--- WHAT NEEDS TO BE DONE ---
For the records below, please print exactly and only the lines from the one with "Mara River crocodiles" down to the one with "Yello | PetCurious", both ends included, omitting the pictures.

--- RECORDS SHOWN ---
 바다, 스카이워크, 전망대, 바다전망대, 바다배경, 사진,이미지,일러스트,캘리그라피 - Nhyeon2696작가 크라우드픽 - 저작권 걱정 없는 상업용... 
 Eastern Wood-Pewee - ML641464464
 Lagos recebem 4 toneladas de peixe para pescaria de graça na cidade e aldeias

--

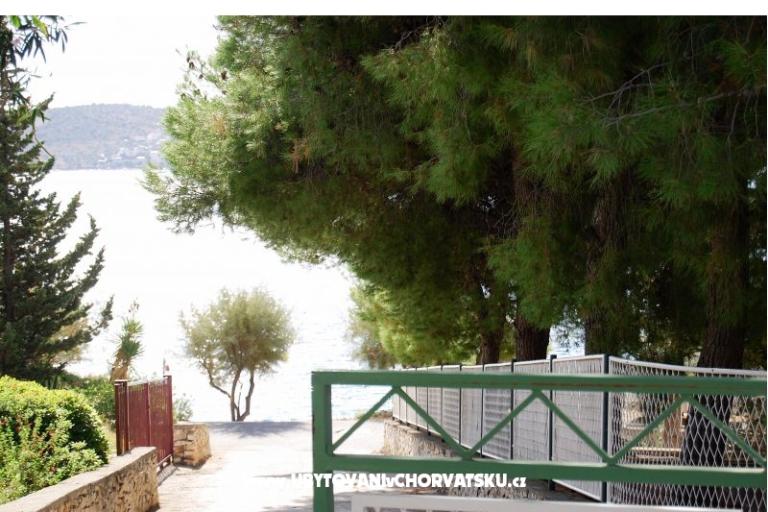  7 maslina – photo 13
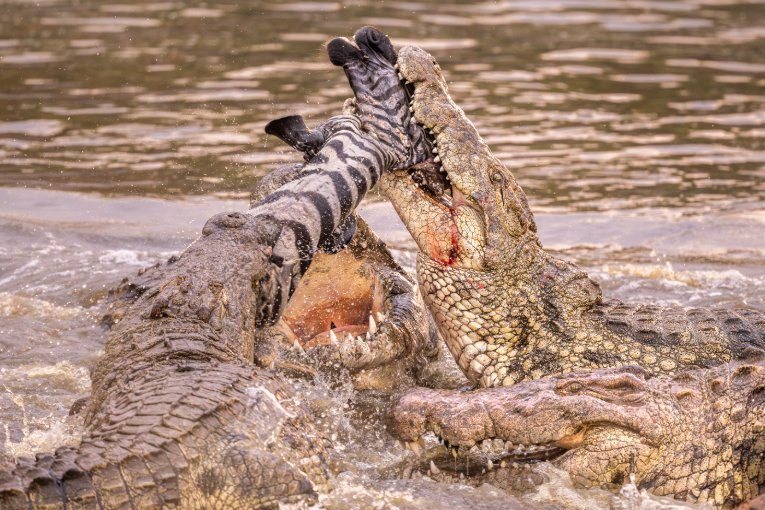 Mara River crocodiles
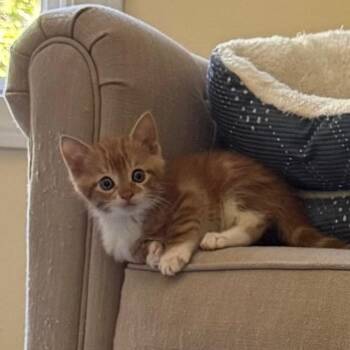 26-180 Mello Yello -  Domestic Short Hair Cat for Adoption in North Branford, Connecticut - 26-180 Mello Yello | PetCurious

--- SOLVED PROBLEM ---
 Mara River crocodiles
 26-180 Mello Yello -  Domestic Short Hair Cat for Adoption in North Branford, Connecticut - 26-180 Mello Yello | PetCurious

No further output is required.